Люба слегка отклонилась от широкой груди Сергия Львовича.

-- Стало быть, они ужасные люди?

-- Ужасные, моя дорогая.

-- И их нельзя жалеть?

-- Нет, моя радость, они не стоят жалости.

Она глубоко вздохнула.

-- Скажи -- они не признают... Шекспира?

-- То есть, видишь ли, дитя мое, у них теперь система: они не только Шекспира -- все отрицают: собственность, брак, религию; но, с другой стороны, как будто и не отрицают.

-- Как же это? -- широко раскрывая глаза, спросила Люба.

-- О, они теперь далеко уже не так наивны! Прежде, друг мой, наглость их была так велика, что они сами во всеуслышание величали себя нигилистами, теперь не то, -- теперь их именуют "интеллигенцией" (слово это Карамышев произнес не без презрительности), как будто существует какая-либо интеллигенция помимо нас... {347}

-- Ну, как же ты говоришь -- на Сахалин, -- в недоумении сказала Люба, -- значит, всю эту интеллигенцию на Сахалин?

-- Значит, душа моя.

-- Но ведь это масса...

-- Это будет жертва, но жертва неизбежная. В Испании в одно прекрасное время выслали всех жидов.

-- И нельзя никого оставить? -- уже взволнованно и сквозь слезы допрашивала Люба.

-- Некоторые сами останутся -- те будут наши, -- ответил Сергий Львович и затем, с некоторым беспокойством, добавил: -- но ты напрасно волнуешься, дитя, они не стоят этого...

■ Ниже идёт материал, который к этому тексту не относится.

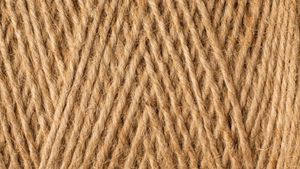 Farming Business Idea: जूट की खेती करके कमा सकते हैं जबरदस्त प्रॉफिट, जानें तरीके 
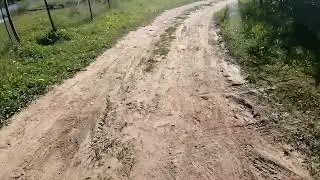 Смотрю что стало с прудами за зиму!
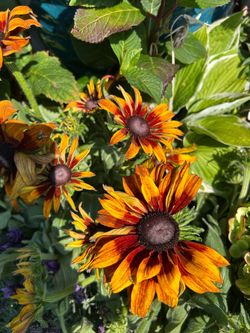$9 each pot of beautiful black Susan flowers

Люба стремительно вскочила со скамейки.

-- Нет, стоят, стоят!.. -- в чрезвычайном раздражении вскричала она. -- Я сама знаю... С Федей Лебедкиным я росла вместе, и я его знаю, и я люблю его... А он нигилист, он сам говорил мне, что он нигилист... И Шекспира он отрицает, и искусство, и Пушкина... Он еще в гимназии со всем этим разделался и говорил, что это хлам... и он хороший, я люблю его!..

-- Но, дитя мое... милая, дорогая... -- успокаивал Любу Карамышев: -- вот какая ты нервная, какая тревожная. Успокойся, голубка... Очень может быть, что господин Лебедкин и прекрасный молодой человек...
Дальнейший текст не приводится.